> [What to do]:
Pictures excluded, please transcribe exactly the lines from the one with "생우유 락토바실러스 음료" through the end of the records below, and nothing more.

Provided records below:

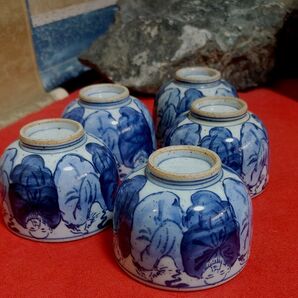 昭和レトロ 実家片付け中 和食器 湯呑 五客セット ニュウ欠け無し 骨董品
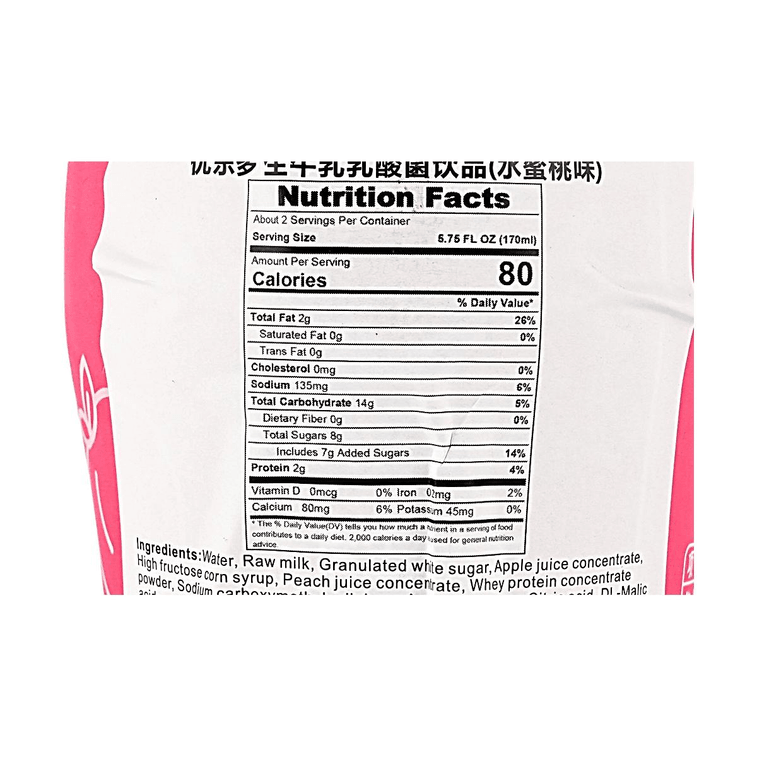 생우유 락토바실러스 음료 복숭아맛 330ml (11.49 fl oz) 【100% 신선한 우유】【포스트바이오틱스 첨가】 3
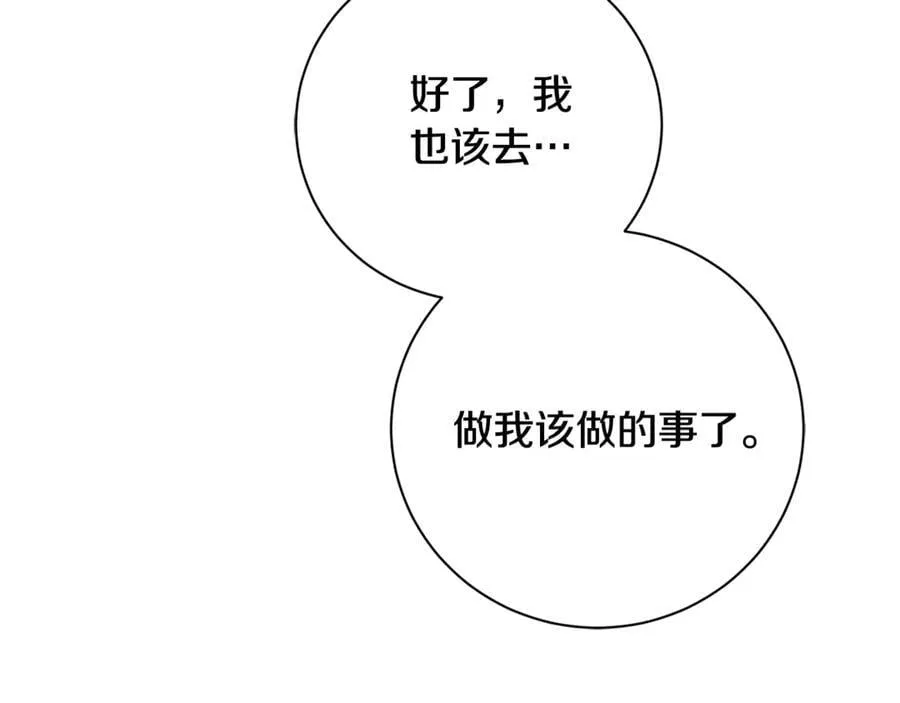 第62话 帝国最高的位置139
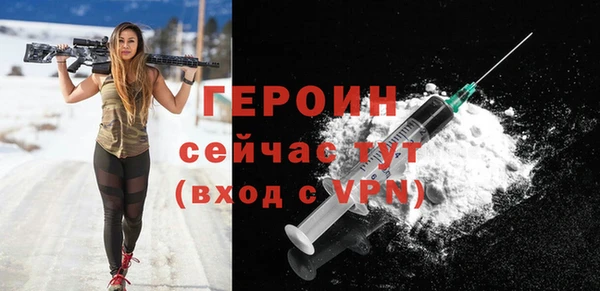 кокс Гусь-Хрустальный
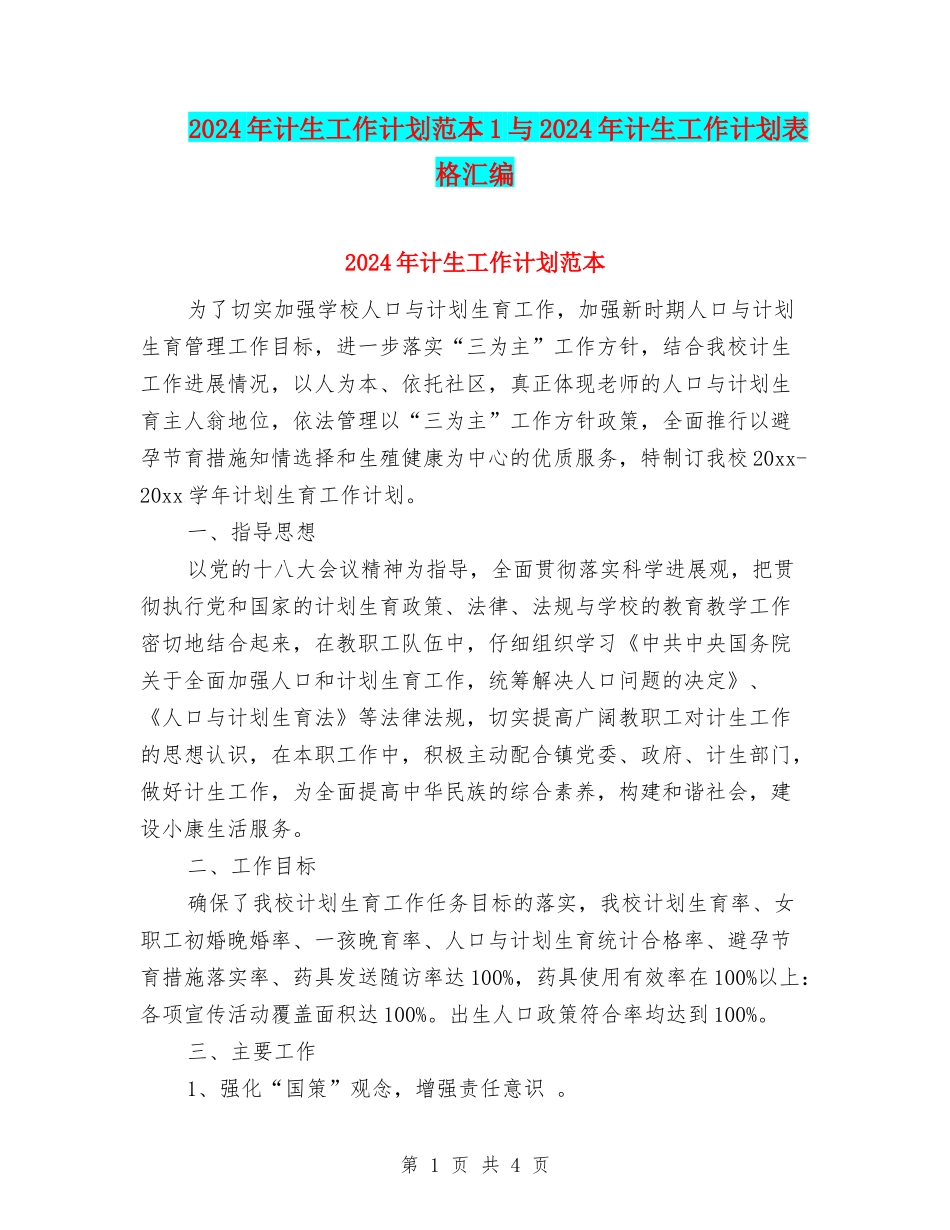 2024年计生工作计划范本1与2024年计生工作计划表格汇编_第1页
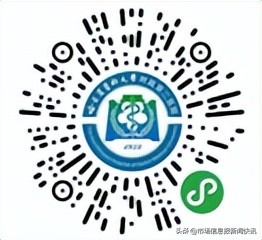 哈尔滨医科大学附属肿瘤医院义诊,哈尔滨医科大学附属医院肿瘤医院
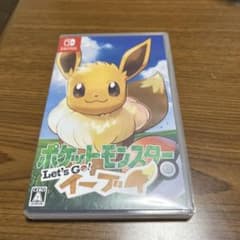 ポケットモンスター Let's Go! イーブイのサムネイル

End of Provided records.

> [Result for this exercise]:
 생우유 락토바실러스 음료 복숭아맛 330ml (11.49 fl oz) 【100% 신선한 우유】【포스트바이오틱스 첨가】 3
 第62话 帝国最高的位置139
 кокс Гусь-Хрустальный
 2024年计生工作计划范本1与2024年计生工作计划表格汇编_第1页
 哈尔滨医科大学附属肿瘤医院义诊,哈尔滨医科大学附属医院肿瘤医院
 ポケットモンスター Let's Go! イーブイのサムネイル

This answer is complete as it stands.